Aim of the exercise: Copy nothing but the lines below, from the one with "Kakeform i silikon" through the one with "CARABINE WINCHESTER XPR", exactly as written; no pictures should appear.

Data shown:
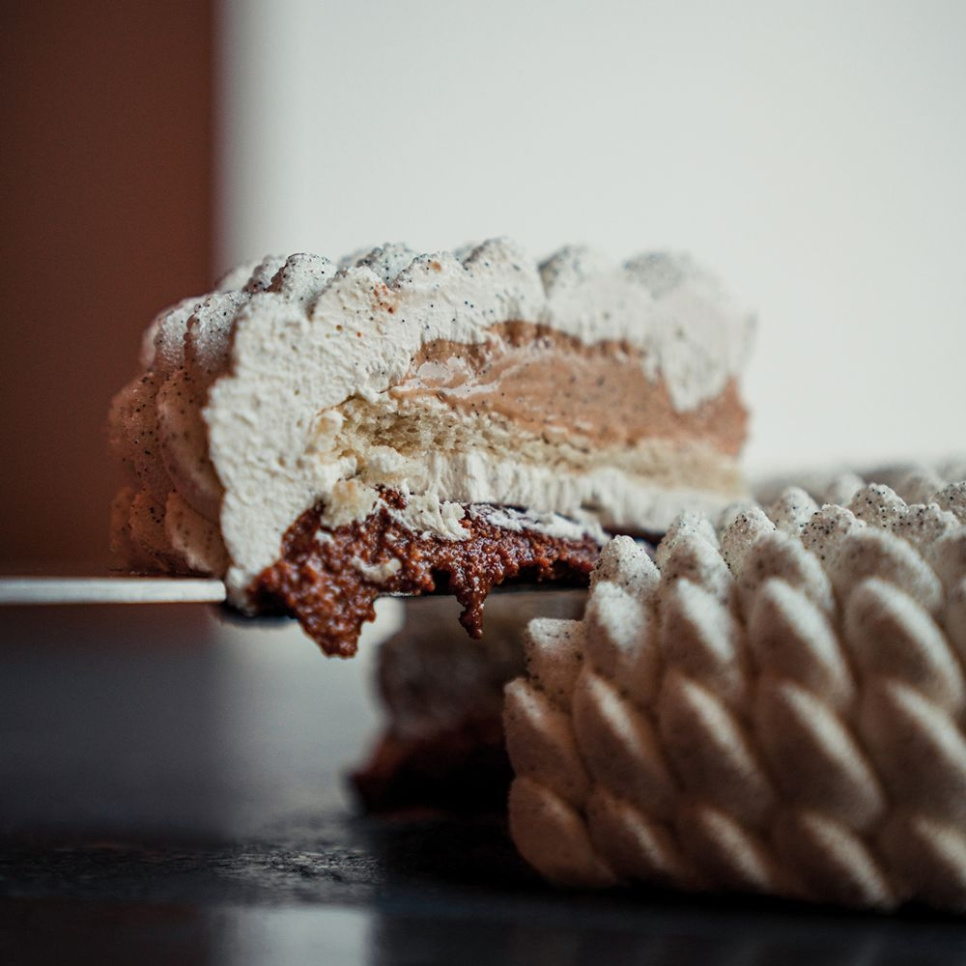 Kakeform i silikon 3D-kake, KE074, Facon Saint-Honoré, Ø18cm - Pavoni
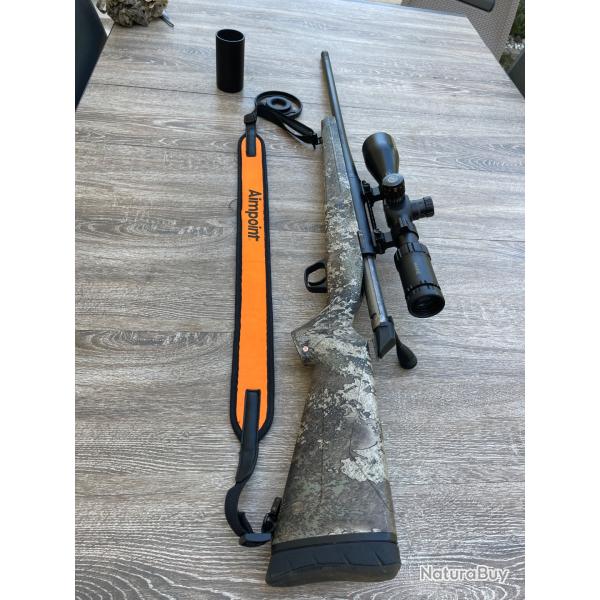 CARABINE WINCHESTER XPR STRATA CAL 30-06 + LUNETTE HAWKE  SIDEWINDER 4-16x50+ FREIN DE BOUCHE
* * *
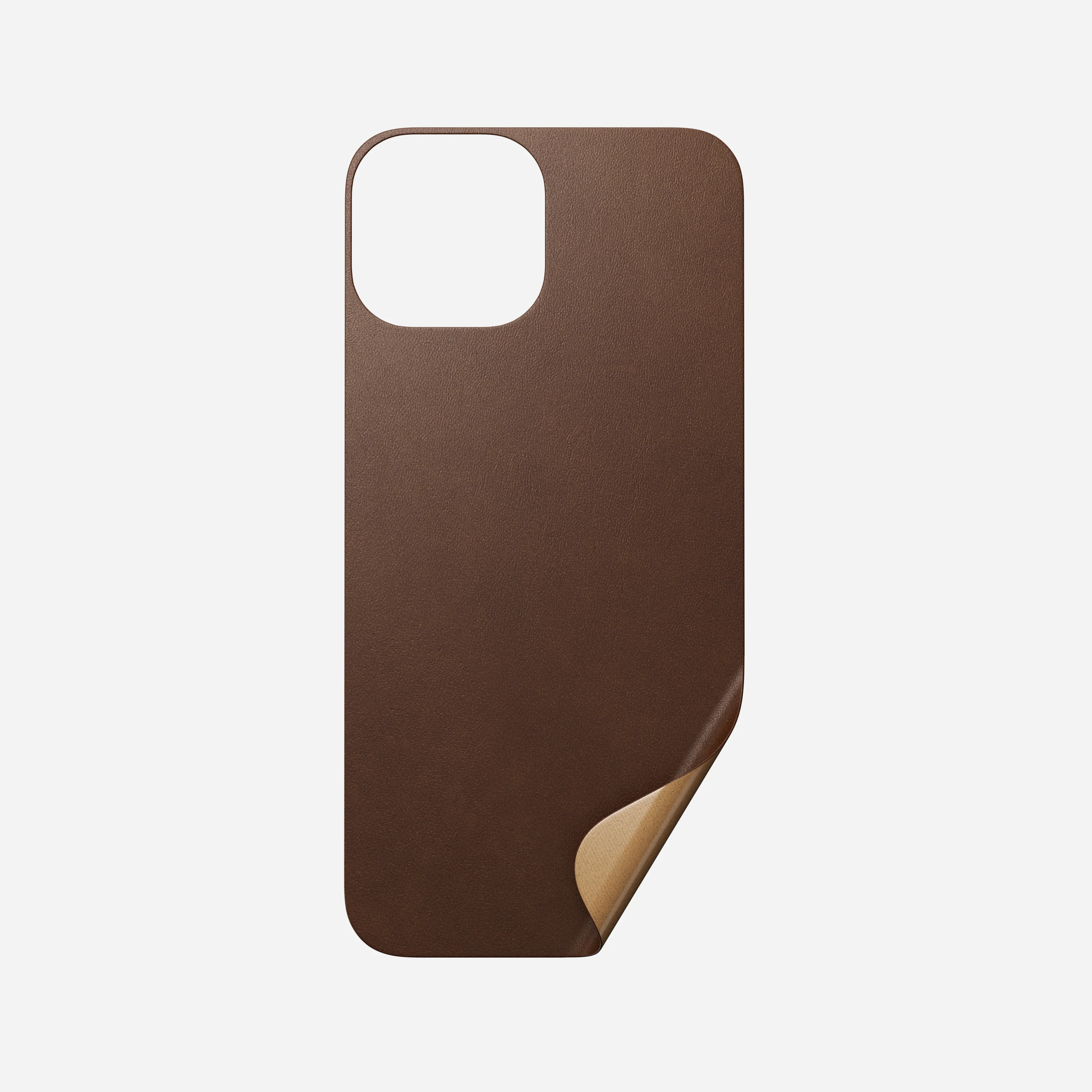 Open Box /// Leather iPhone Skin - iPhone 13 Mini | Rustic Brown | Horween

Response to this task:
 Kakeform i silikon 3D-kake, KE074, Facon Saint-Honoré, Ø18cm - Pavoni
 CARABINE WINCHESTER XPR STRATA CAL 30-06 + LUNETTE HAWKE  SIDEWINDER 4-16x50+ FREIN DE BOUCHE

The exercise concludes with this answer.